What can history tell us today?
John Markoff
Yeah, so this was a challenging for me. I’ve taken three events, maybe four from the from the 20th century that were influential on my life.
And so that’s framed my world. And so the first one was the Vietnam War, which was, you know, a decade long entanglement of the United States that believed it was in this global confrontation with communism and that we had to stop communism in Southeast Asia or they would, you know, they would be in Canada and then they would be in the state of Washington.
And it seems like that was a lesson, a war that America clearly lost. And we could have taken lessons away from that.
And we missed the opportunity to take any real meaningful lesson away from that. The United States seems to have the ability to recapitulate the same errors over and over again.
So that was the first thing that came to mind.
Thomas Gauthier
Is the war in Vietnam, in your opinion, today playing any role in American leaders strategizing. Do we see signs or do we feel that this war is still with us today?
John Markoff
Well, clearly in America, it is. In terms of leader strategy, that’s a more complex issue.
But I do believe that the Vietnam War and the opposition it created in the United States, the emergence of a counterculture created a political and cultural divide, which still defines American politics. As a matter of fact, it’s the principal fracture line in a lot of the stuff that’s going on.
And it’s sort of in the back. You know, it’s the subtext of a lot of the wars that we’re fighting domestically in this country.
I don’t see an easy resolution. The rise of Reagan, Nixon’s efforts to end the war, you know, the Democratic politicians that came afterwards all have collided over issues that were really raw in the 1960s in America.
Thomas Gauthier
Let’s now perhaps look at another milestone for you in history. What would that be?
John Markoff
Well, the other one that shaped my generation and now sits in the forefront again was the invention and the first use of the atom bomb. I grew up in the 1950s.

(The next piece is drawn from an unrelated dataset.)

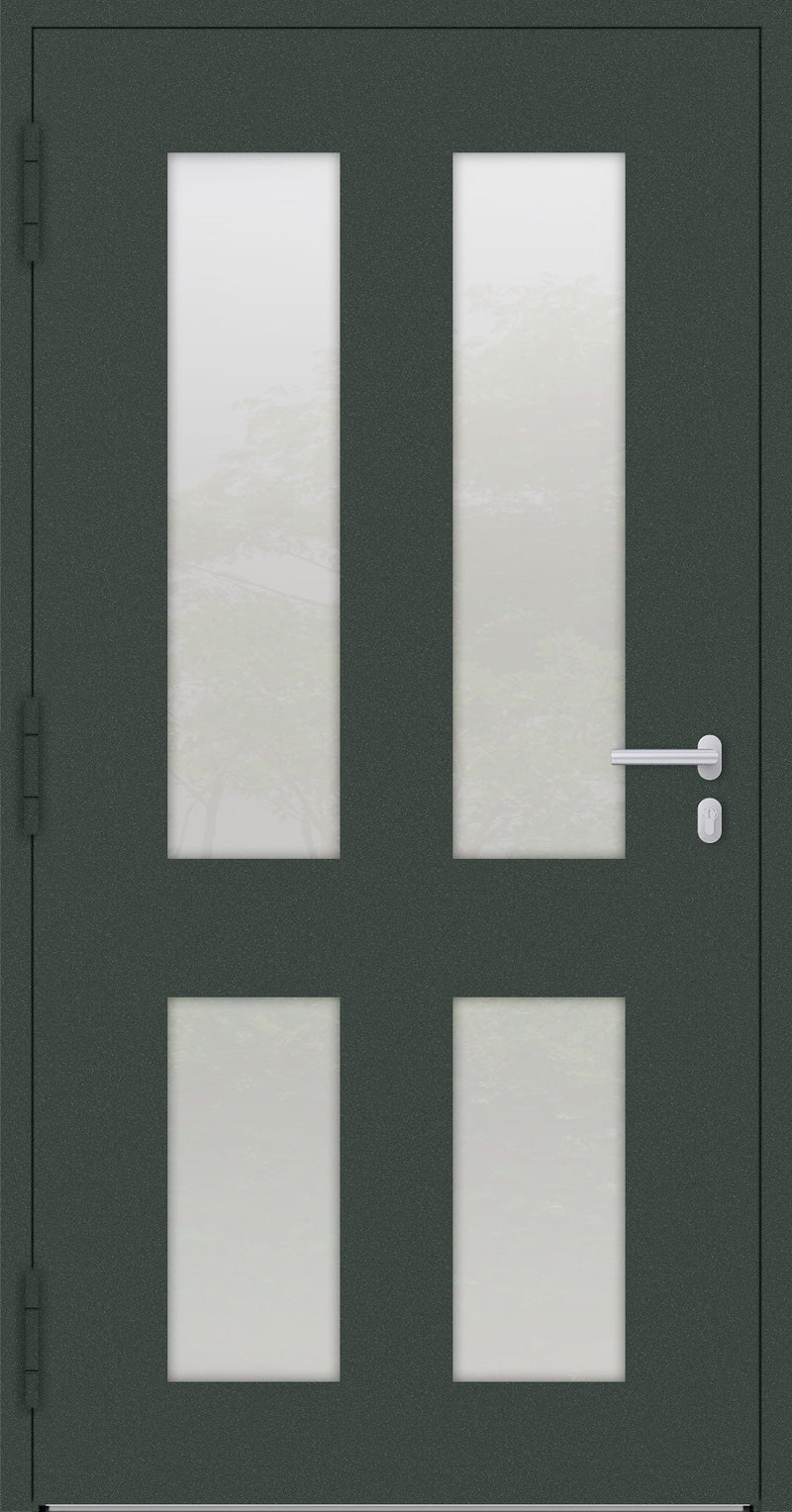 Turenwerke P90 Design 09 Aluminium Door - Fir Green RAL6009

As part of my childhood, we would go through these exercises where we would have to get under our desks as part of the civilian defense. And so it really was sort of drummed into us that a Soviet bomber could be overhead or a Soviet missile could be.

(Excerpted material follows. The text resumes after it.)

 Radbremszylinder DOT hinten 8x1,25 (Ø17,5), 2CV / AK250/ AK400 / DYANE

And it was absurd because if a nuclear weapon had landed on us, the desk would not have done anything. But that, you know, it deeply affected our psyche.

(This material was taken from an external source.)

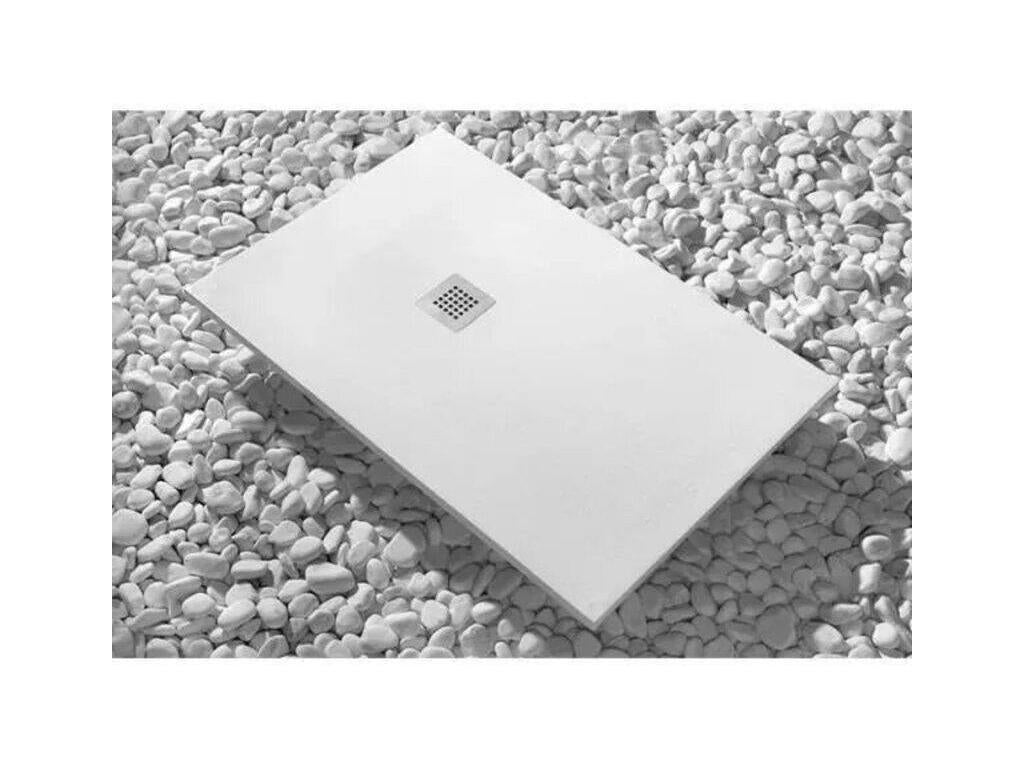 72x154 Lysvia Extra Thin Shower Tray, White, with Free Drain CLNG92406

And then through the SALT Treaty and other things, it kind of it sort of backed away. You look to the doomsday clock that the Bulletin of Atomic Scientists keeps.
I mean We’re farther away from midnight. And now in the political situation in the war in Ukraine and Putin’s willingness to put nuclear weapons on the table, it’s right back as a meaningful factor in life.
This was brought home over the last week with a Chinese spy balloon floating over a nuclear missile base in America, which just seems like, stuff that we haven’t dealt with since the 1960s, and now it’s shaping international and domestic politics again. And so, you know, thankfully, nuclear weapons haven’t been used.
But as recently as three or four years ago, the idea was distant and seemed like it was off the table. Now it seems like it’s back on the table.
And it’s going to shape all kinds of international politics. So I’m worried.
Thomas Gauthier
Would that risk of a nuclear war be at the level of the And… existential risk that you used as a phrase to characterize climate change? I mean, is nuclear war a worry that is today, according to you, again, on the minds of politicians?
Is this something that I guess we need to reconceptualize, we need to re-engage with as we’ve been living through decades where it was a bit distant, it was… possibly discussed in Geneva, Switzerland, or elsewhere in the world, but it seemed as something that had gone underground. Is this possibly reshaping the geopolitics of the future?
John Markoff
Yeah, so it clearly has because of Putin’s behavior. So, you know, I grew up with these two disconcerting models in nuclear war.
One was the notion of mutually assured destruction. We built a military system in America. that ensured that nuclear weapons would never be used because if they were used, they would end the world.
And both the Russia and the U.S. created the capability to destroy the world or destroy humanity on the world. And so that was supposed to, you know, two scorpions in the bottle.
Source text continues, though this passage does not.